Our local housing market is coasting into December with the probability of posting our best sales year since 2010. Sales were up in most cities in the region in November adding 7% to October’s tally (908 – 974) and coming in a whopping 28% ahead of last November’s paltry 700 sales. Pending sales are off for December and that will determine if we have just a pretty good year or a good year. Either way it won’t be a great year but at least its better.
Prices were off slightly in November from the prior month ($339,508 – $327,895) but still maintained an 8% increase over November 2015 ($303,050). Given the current trend, median prices in most areas should be at their highest level since 2008. They won’t be back to 2008 levels, unfortunately, but they will be higher than any year since the great dive. We’re also seeing some plateauing in our higher price cities while prices continue to post double digit increases in lower cost communities. Part of that is lack of inventory in some areas, especially affordable inventory, forcing buyers to look further afield for their housing choices.
That issue of affordability was the subject of a recent brainstorming session hosted by the California Association of Realtors® attended by over 100 economists, local officials, building industry representatives and housing advocates. There were some very disturbing statistics discussed at this meeting including things like:
- 25% of people selling homes in California are moving out of state
- 50% of renters say they would like to purchase a home but can’t afford one
- 25% of household earnings are spent on housing costs, more than 30% if you’re a renter
- California ranks 49th in homeownership rates and 50th in affordability
- California added four new jobs for every new home built between 2010 and 2015. It should be one home per 1.5 jobs.
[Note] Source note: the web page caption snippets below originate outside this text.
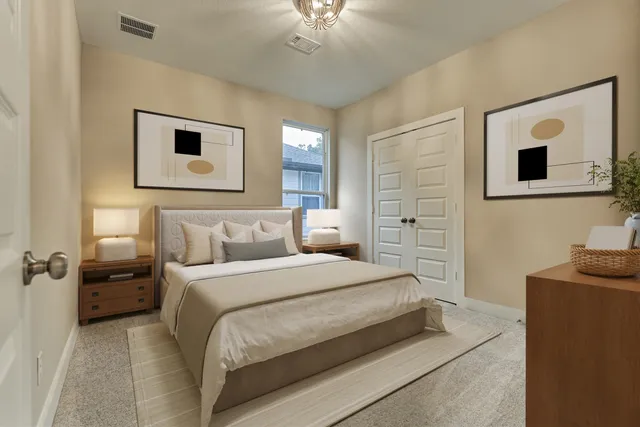 a bedroom with a bed and a chandelier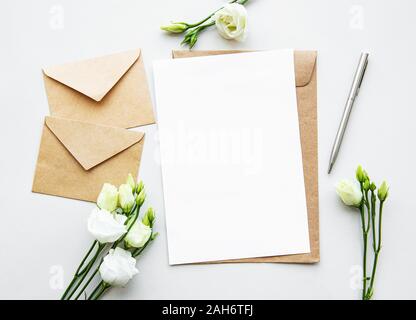 Maquette carte blanche et de l'artisanat avec eustoma enveloppes. Invitation de mariage dans un style minimaliste avec eustoma. Banque D'Images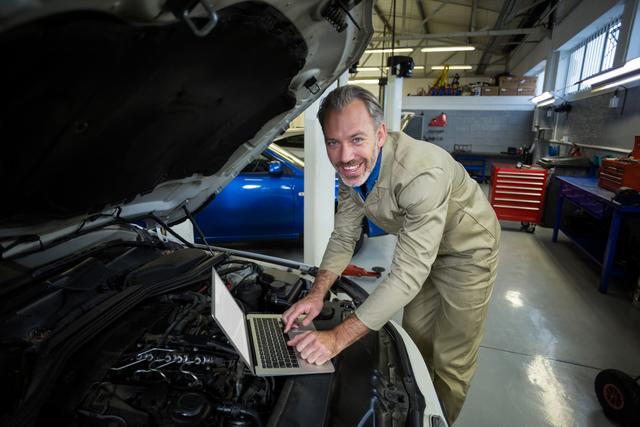 Mechanic in uniform using laptop for diagnostics while servicing car engine in repair shop. Ideal for content related to automotive repair, technology in mechanics, professional services, and car maintenance tutorials.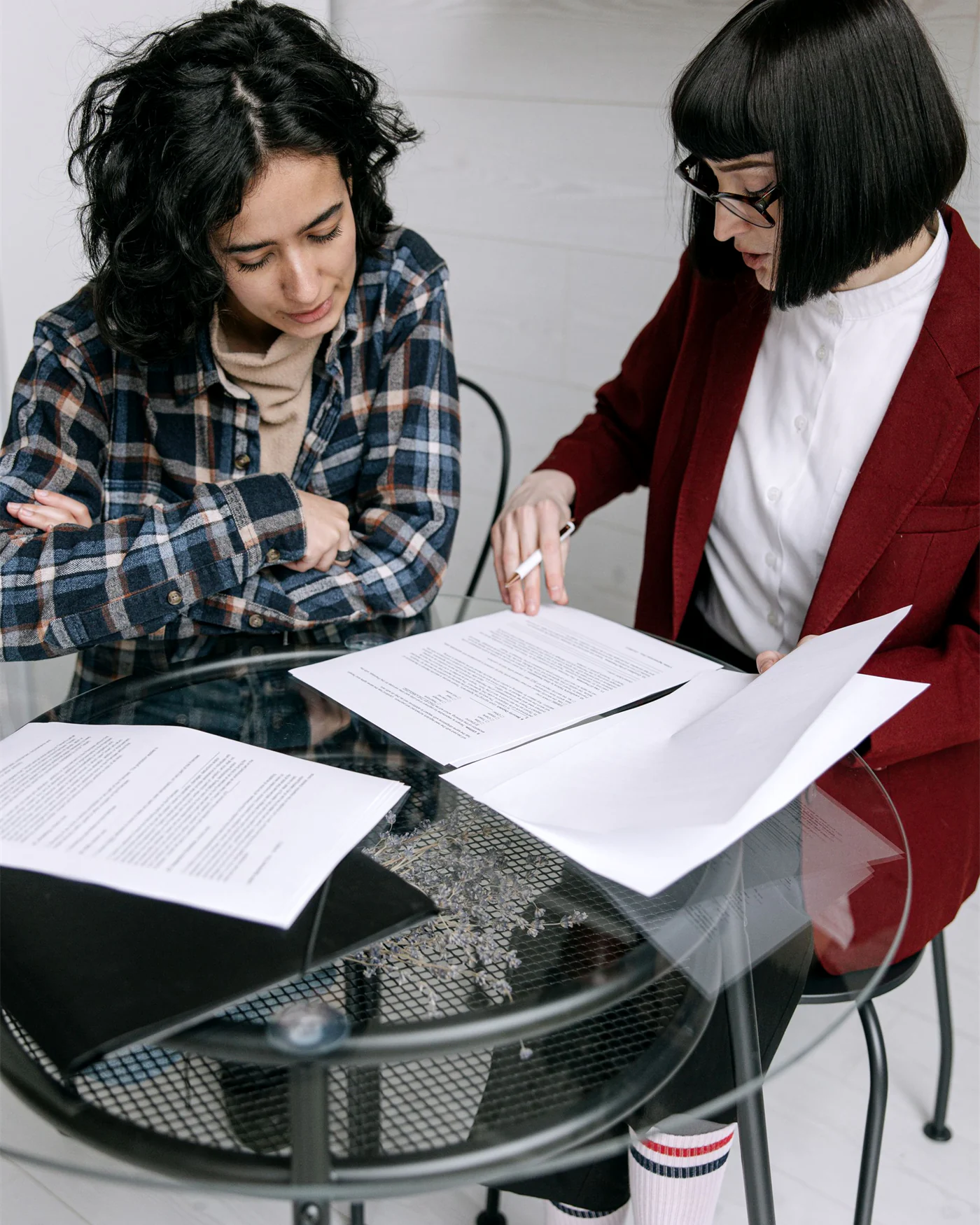 Two people working through application paperwork together at a table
San Francisco added 6 new jobs for every new home built.
- Fewer than ½ of Inland Empire buyers can afford a median price home. That dips to fewer than 1/3 in Orange County and just 14% of Bay Area buyers.
Recognized as a serious problem at both the state and national level, it will be interesting to see how our new administrations will respond. Sacramento has already identified transportation and housing as primary focus issues for 2017 but it will remain to be seen if they can get out of their own way to actually address the problem. Many of California’s housing problems are caused by legislative and regulatory burdens that keep land from being developed and increase compliance costs on areas that are developable.
Some of the proposed ‘fixes’ are actually counter-productive like the recently passed inclusionary zoning initiative approved by Los Angeles County voters.
Look for Sacramento to tie development to state funding offering incentives to regions that step-up while penalizing those that don’t (except for Los Angeles and San Francisco, of course). Expect attempts to encroach on local control by mandating that Sacramento can override municipalities if they don’t meet state mandates for affordable housing. Anticipate calls for ‘new funding sources’ including a re-introduction of last year’s bill that called for a $75 per document fee on existing homeowners to fund new homeownership opportunities.
Just don’t expect any real relief in the way of CEQA reform or regulatory or fee reductions. Don’t be silly.